It is also an image typical of the latest popular approach to showcase cultural diversity as so-hot-right-now. This has an important appeal: it makes it fresh. It can be well intentioned and allows for representation. To wear tribal jewellery, tease the ’fro, rock the hijab with the right mixture of attitude, sass and youth.

Yet, what is also emerging is a kind of industry of cultural diversity stories and campaigns. It provides pin-up faces that an organisation can use to tick off representation under its corporate social responsibility commitment. It detracts, or distracts, from the politicised nature of multiculturalism, which naturally has its merits. But often it is also such campaigns that use the very frisson of these growing ideological debates for their organisation or event’s glory.
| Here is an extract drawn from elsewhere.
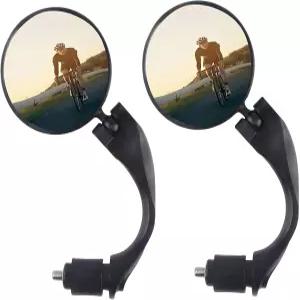 바 엔드 자전거 거울 핸들바 2개 360도 회전 스크래치 방지 HD 유리 볼록 렌즈 백미러 안전한 산악 도로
And while on the outside this may seem like a real demand for representation and power, it is still soft power. The image, intellect and experiences of young, culturally diverse people are being used, but they don’t have control over the where and how, or the voice to dictate what framework they are represented within.

During the excitement about the diversity of this year’s recent Oscars, The Sydney Morning Herald ran an article with the headline ‘Newer, younger, and browner – Oscars are more diverse than ever’. This headline perfectly captures how the appeal is understood; during this year’s Oscars ceremony, Tiffany Haddish and Maya Rudolph jokingly referenced the pushback against the diversity efforts and the #OscarsSoWhite hashtag. ‘We just wanted to say, “Don’t worry,”’ Rudolph said, ‘There are so many more white people to come tonight.’

There is truth behind every good joke.

The underlining message in the design of many multicultural campaigns and stories reads like: Don’t worry, we won’t harm you, or take away your power; we won’t force you to really address what is going on. Suggesting ‘multiculturalism’ may be flawed, or that the model may need adjusting, has become tantamount to suggesting we have a problem with racism. Few want to raise it. And while we might expect this from leaders, it surprisingly extends to working within the ‘field’ of cultural diversity and in the conversations and way numerous anti-racism and multicultural campaigns and stories are designed.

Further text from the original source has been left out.